The individual sovereignty inherent in Capitalism is the most important attribute qualifying it as the ideal path to the pathless land. If you aren’t a sovereign individual, it means that you are subjugated to governments or theocracies. Your activities will serve only your god or your king, your thoughts will conform only to the sacred texts or the pall of political correctness, your desires and curiosities will be subsumed in the great collective will. Without individual sovereignty, there will never be access to such as thing as a pathless land in which to discover truth. Truth will be what you are told, nothing more and nothing less, and what you are told will be what satisfies and serves the gods and kings. Capitalism elevates individuals to the status of nobility, freeing everyone to pursue truth to the depth and breadth that they choose.
Freedom is a necessary component of Capitalism. One of its fundamental premises is that you have a right to your own life and the actions required to fulfill it. The purpose of the state is primarily to guarantee and protect this right. With this freedom, you can think any thought, challenge any belief, choose any direction to follow, and truly appreciate life through your own eyes and ears. In this context, the “path” of capitalism does not overlay a constricting intellectual rigidity on the pathless land. To the contrary, it is the only system that assures you can exercise your right to wander in the pathless land in search of any truth you want to pursue. When freedom ends, truth ends. In its place come propaganda, dogma, and the Big Lie of the fascist state.
Coincidentally, Capitalism has also proven to be the most productive economic system, generating abundant social and personal capital. This means that wandering in the pathless land is not just a rare privilege for the anointed elites, but a very real possibility for everyone. Capitalism is an engine for wealth creation and prosperity, which in turn enables pursuit of intellectual and spiritual growth. It also gives the sovereign individual the choice of how much material comfort to pursue, and how much intellectual exploration to embark on. With Capitalism, the power is completely in your hands as a sovereign individual to make these choices, and the state is limited to protecting the free pursuit of truth, rather than dictating action, thought, and devotion.
Another fundamental premise of Capitalism is the separation of church and state. This is a vital development in the evolution of human civilization, and it is perhaps the greatest moral achievement of the western world. There is no such thing as a pathless land if the government can impose opinions, especially those that are religious myths. The separation of church and state prevents the most powerful form of propaganda—religion—from becoming “truth” mandated by armies, bureaucrats, and police, thereby excluding all other perspectives.
The freedom implicit in Capitalism gives each of us an opportunity to choose any career, any religion, any philosophy, and any perspective.
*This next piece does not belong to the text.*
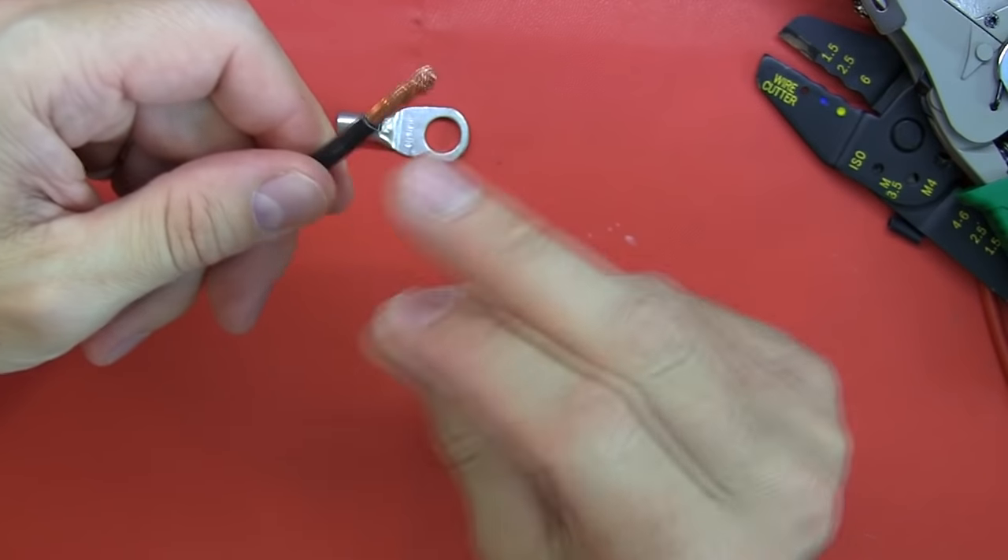There we go — it's crimped, relatively well placed in the center. From the inspection window I can still see that my conductor is sitting at the end; it hasn't slipped out. That's the value of having an inspection window — the conductor might slip back during the process and you won't realize it. Here we can quite clearly see the conductor is right up against the end, and it's got a very good mechanical strength. That looks as though it went really well.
There is an extraordinary moral elegance to this. The only limitation is the constraint that we each have to respect the life and liberty of everyone else. We are free to embrace any opinion or philosophy, but we can’t force others to embrace our views. It is through this unfettered examination of reality by free-thinking individuals that truth will emerge.
Capitalism supported by limited government is the path to the pathless land of truth.